From the opening sentence, the 18-page filing doesn’t mince words.
“If you’re fortunate enough to be Texas Attorney General Ken Paxton, you can lawfully create and endow a defense fund to pay for an armada of top-flight legal talent that most defendants can only dream of to defend yourself against three felony offenses,” Wice wrote.
In the motion for rehearing, which includes references to Atticus Finch, Shakespeare, Gilbert & Sullivan and the impending “Sword of Damocles,” the prosecutors implore the state’s highest criminal court to take the unusual step of considering their case again because last month’s opinion yields “a patently absurd result” that would pay the special prosecutors “unconscionable” rates.
Letting the ruling stand, Wice argued, would allow any local government in Texas “to derail what it sees as an unjust prosecution by de-funding it.” And that type of funding dispute can be influenced by major political players, he suggested.
“Make no mistake,” he wrote. “While it was the Commissioners who prevailed in this Court, Paxton first recognized that the best, indeed, the only way to derail his prosecution was to de-fund it by challenging [prosecutors’] fees three years ago.”
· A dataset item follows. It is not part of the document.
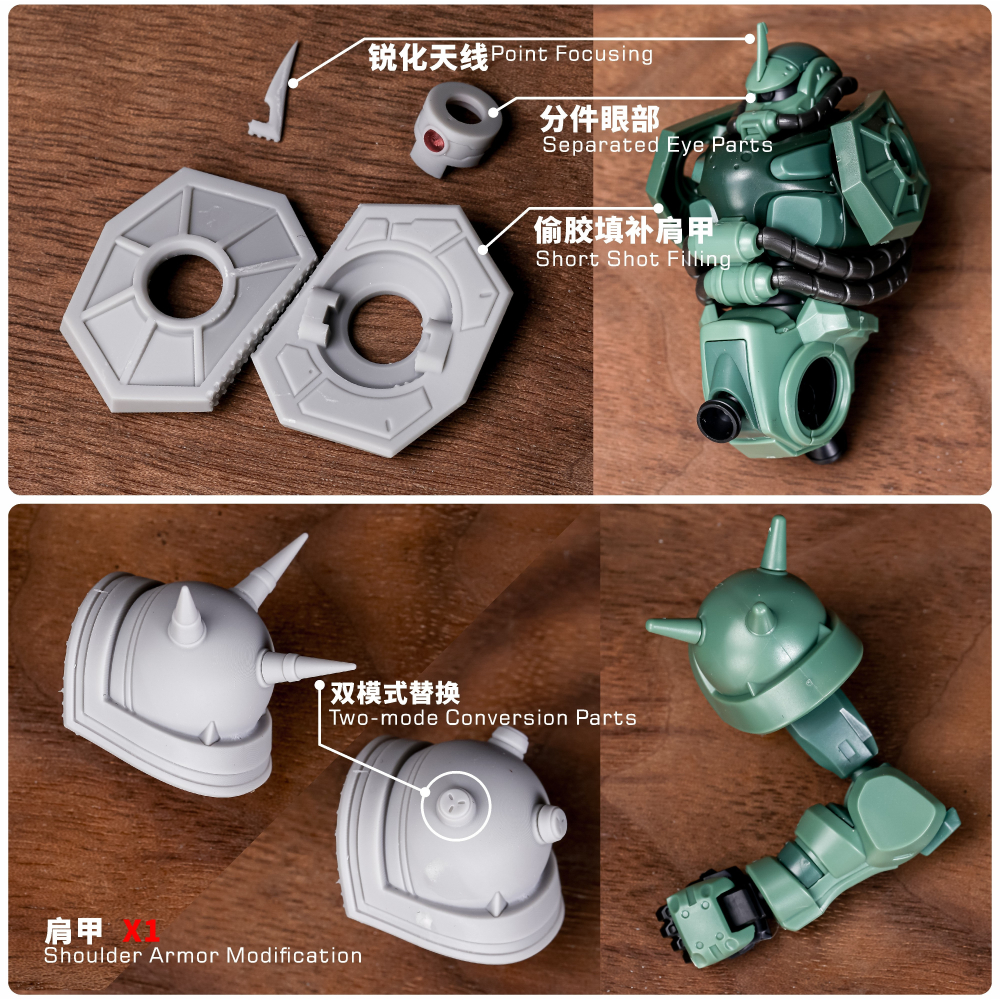 【模玩】 TAS沉迷者 萬代 HG GQ紅綠薩克 預切遮蓋/改件/特效件-細節圖6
See here and here for the background. I mean, the prosecutors are 100% right on the merits, and they lay it out with utter clarity. I maintain that the Legislature can and should fix this by making the state pick up the tab for prosecutions like this, but that won’t help here, even if we could be sure that a bill to address this would pass. We need the Court to do the right thing, which they failed to do the first time around. It’s either that or they show that they don’t care about the law when one of their own is on the sharp end of it.